Overview
B-trees are balanced search trees specifically designed to minimize disk I/O operations, making them ideal for database systems and secondary storage applications. Unlike binary search trees, B-tree nodes can have thousands of children, yielding a very low height of O(log_t n) where t is the minimum degree. This chapter defines B-trees, presents search, insertion (with proactive node splitting), and deletion operations—all executable in a single downward pass through the tree.
Key Concepts
- B-tree properties: Every node x stores x.n keys in sorted order; internal nodes have x.n + 1 children. All leaves reside at the same depth. A fixed integer t ≥ 2 (the minimum degree) constrains node sizes: every non-root node has at least t − 1 keys and at most 2t − 1 keys.
- Disk-access model: Data is read/written in whole pages via DISK-READ and DISK-WRITE. B-tree nodes are sized to match disk pages, so each node access costs one disk I/O.
- Branching factor: Typical branching factors range from 50 to 2000. A B-tree of height 2 with branching factor 1001 can store over one billion keys, searchable with at most two disk accesses beyond the root.
- 2-3-4 trees: The simplest B-tree occurs when t = 2, where every internal node has 2, 3, or 4 children.
- Variants: B⁺-trees store all satellite data in leaves; B*-trees require nodes to be at least 2/3 full.
Algorithms and Techniques
B-TREE-SEARCH(x, k)
Generalizes binary search tree lookup to multiway branching. At each node x, a linear scan finds the smallest index i such that k ≤ x.key_i, then either returns the key (if found), reports failure (if x is a leaf), or recurses into the appropriate child after a DISK-READ.
B-TREE-CREATE(T)
Allocates an empty root node, sets it as a leaf with zero keys, writes it to disk. Runs in O(1) time and O(1) disk operations.

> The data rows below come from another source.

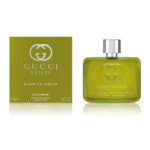 Shop Men’s Perfumes Online | Nice One KSA - Image 20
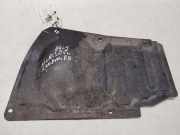 Other Front Right Chassis Parts TOYOTA AURIS (_E15_) 1.4 D-4D (NDE150_) 5144302050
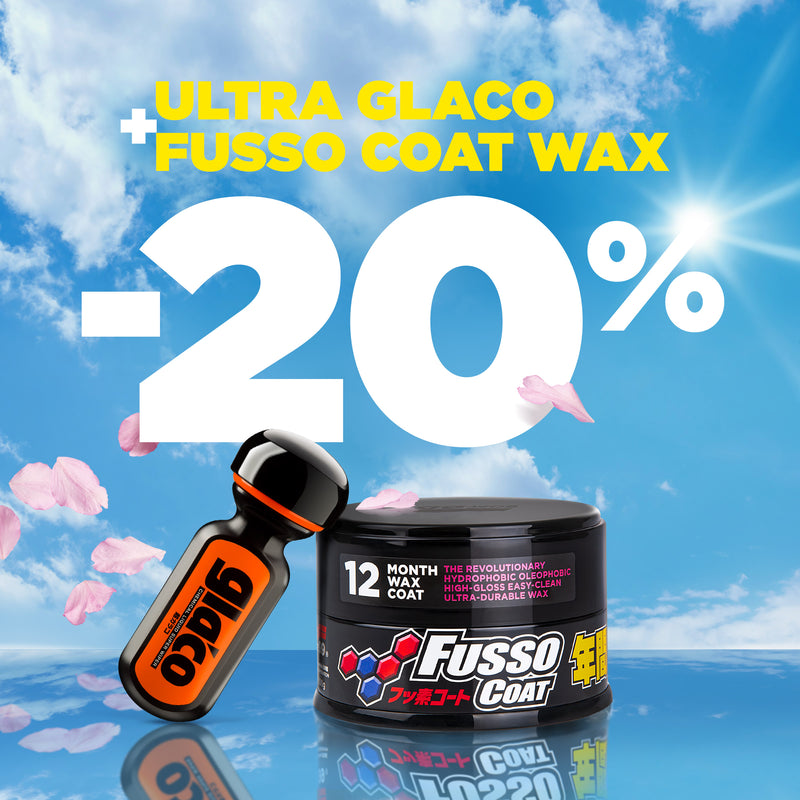 Promocja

B-TREE-INSERT(T, k) — Single-pass insertion with proactive splitting
- B-TREE-SPLIT-CHILD(x, i): Splits a full child y = x.c_i (with 2t − 1 keys) around its median key. The median moves up into x, and the t − 1 largest keys go into a new node z. Uses Θ(t) CPU time and O(1) disk operations.
- B-TREE-INSERT: If the root is full, creates a new root and splits the old root first (the only way the tree grows in height—at the top). Then calls B-TREE-INSERT-NONFULL.
- B-TREE-INSERT-NONFULL(x, k): Descends from x, splitting any full node encountered along the way, guaranteeing the recursion never reaches a full node. Inserts k into a leaf.
B-TREE-DELETE(x, k) — Single-pass deletion
Handles three main cases in a single downward pass:
- Case 1: k is in leaf node x — simply remove it.